*** Records Section Begins ***

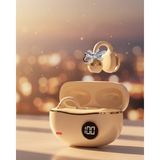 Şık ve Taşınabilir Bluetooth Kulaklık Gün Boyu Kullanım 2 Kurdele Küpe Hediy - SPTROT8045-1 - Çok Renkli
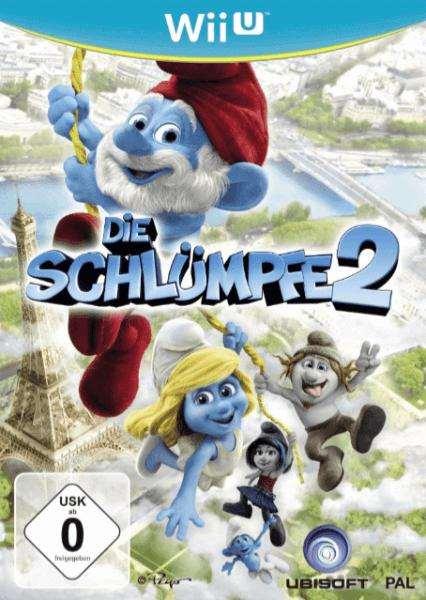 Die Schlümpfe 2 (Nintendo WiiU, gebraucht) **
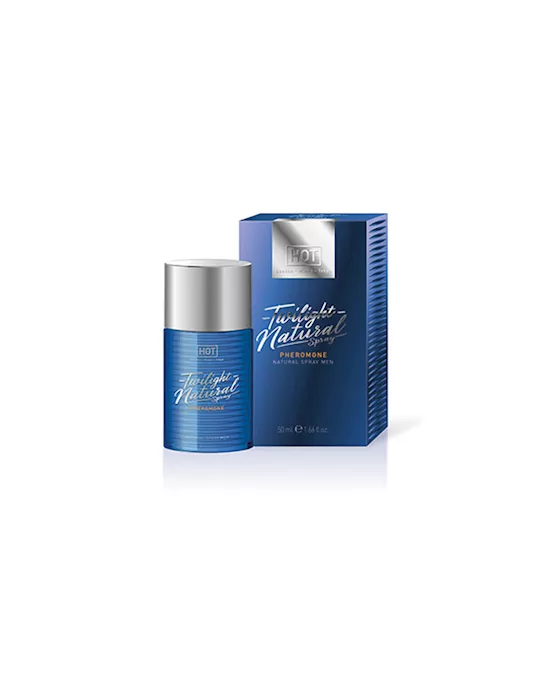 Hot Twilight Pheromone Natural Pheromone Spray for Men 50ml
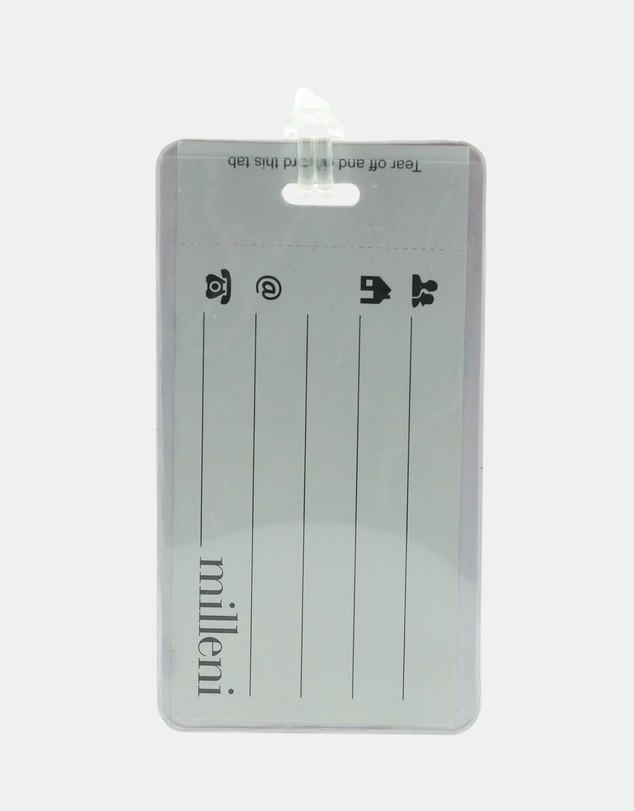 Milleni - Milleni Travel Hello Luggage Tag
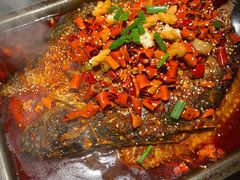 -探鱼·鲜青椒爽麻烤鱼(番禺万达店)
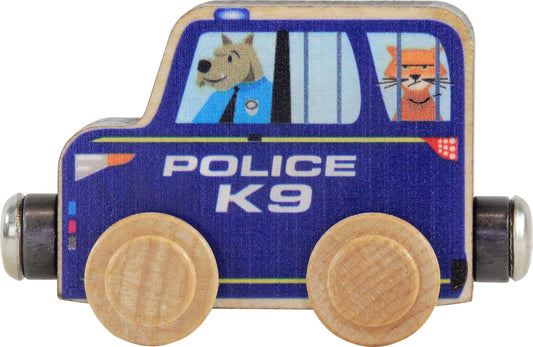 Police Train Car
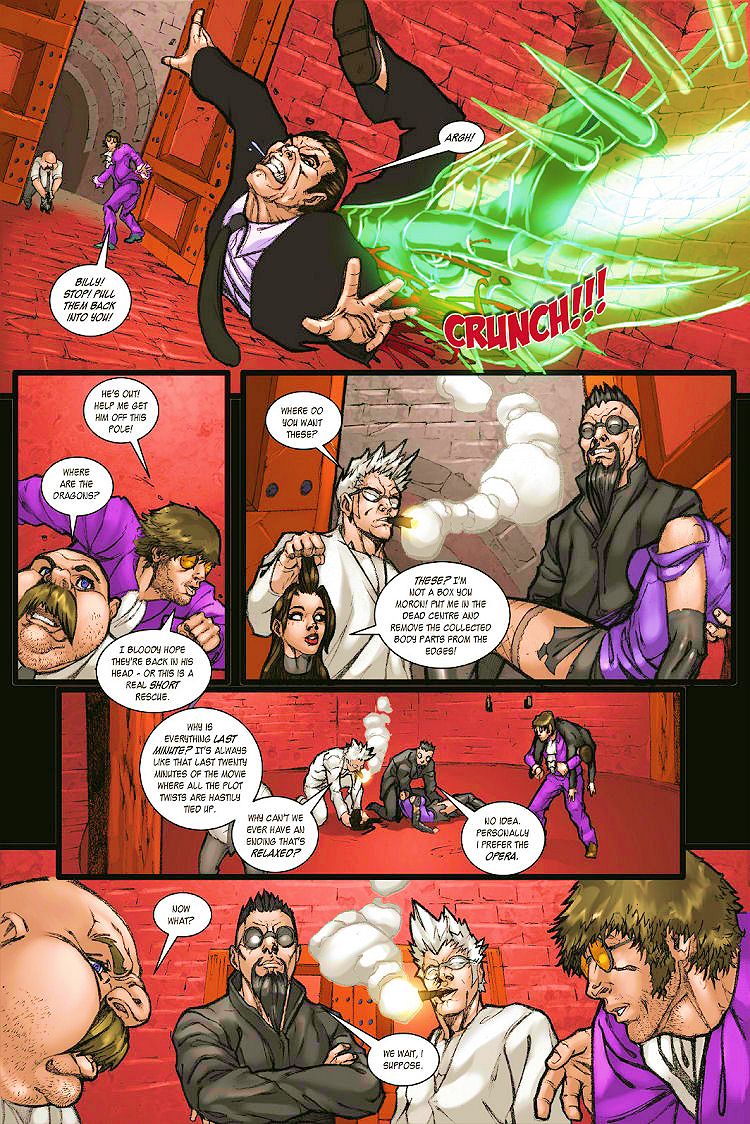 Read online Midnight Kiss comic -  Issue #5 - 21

*** Records Section Ends ***

The required answer is an exact copy of the lines from the one containing "Die Schlümpfe 2" through the last line of the material, with the pictures removed.

 Die Schlümpfe 2 (Nintendo WiiU, gebraucht) **
 Hot Twilight Pheromone Natural Pheromone Spray for Men 50ml
 Milleni - Milleni Travel Hello Luggage Tag
 -探鱼·鲜青椒爽麻烤鱼(番禺万达店)
 Police Train Car
 Read online Midnight Kiss comic -  Issue #5 - 21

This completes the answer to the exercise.